Apache OpenOffice (AOO) Bugzilla – Issue 107201
loading large html file in scalc hangs
Last modified: 2017-05-20 10:30:42 UTC
When I load a large html file in scalc, the program always crashes eventually. The bug is not related to 7553 because my file doesn't contain linked graphics, and I'm loading in scalc, not in swriter. The large html file itself is allright; it loads in a few seconds in MS Excel 2002 (yes, 2002). I would have attached my file but it appears that I cannot do that here. I'm using OOO310m11 (build:9399) which is not in the pick list.
Created attachment 66337 [details] large html file that doesn't load in scalc
Loading somewhat bigger HTML files in scalc is slow. Probably the file was very big and the patience of the user ran out or some OS timeout finished the loading? There are more reports on slow loading of HTML files in scalc. Imho some conversion process is very slow/clumsy, it would be a great advantage if this was resolved. Also, cutting and "pasting special" HTML into an scalc table is slow and if the file is big enough, it produces a stupid looking result. All information of the end of the table is dropped in one cell.
tkramer asks: "Probably the file was very big and the patience of the user ran out or some OS timeout finished the loading?" That is possible. Please try to load the attached large html file, then you can conform the issue.
b_ambrosius: I could not get the file to open in Calc. OOO310m19(build:9420) on Vista Sp2. I started the process to open the file in calc about 5:30 am. When I arrived home at 8 pm, the file still had not opened.(14.5 hours!) I killed the process, which was showing memory usage of over 300 meg on a 4 gig machine. OO Web/Writer will open it, but it takes a minute or so. Also Firefox 3.5.5 needed a minute or better to open it. TomW
Thanks TomW. You have confirmed the issue. Now, if you have MS Excel you can also confirm that the file loads in 5 seconds or less, at least it does in my Excel 2002(!) version.

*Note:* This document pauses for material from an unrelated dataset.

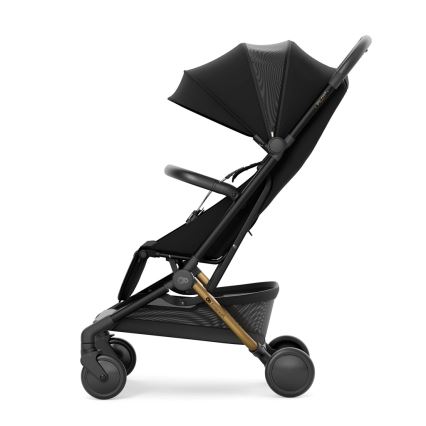 KINDERKRAFT SELECT - Voziček PILOT 2 črna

I cannot confirm it for DEV300 m65. What filter do you use?
I'm not aware of any filter. I just load the html file with File.. Open (in scalc), in the ooo version I mentioned in my first comment.
If you do not use a filter, the html page will not open in Calc but in Writer/Web. You find the filter in the open dialog. It is the drop-down list beneath the file name field. Open it and scroll down to the filter "Web Page Query (OpenOffice.org Calc) (*.html;*.htm)". It is the last one in the group of spreadsheet filters. The filter "HTML Document (OpenOffice.org Calc) (*.html;*.htm)" might work too. Opening your attached file in Writer/Web lasts <1 minute here.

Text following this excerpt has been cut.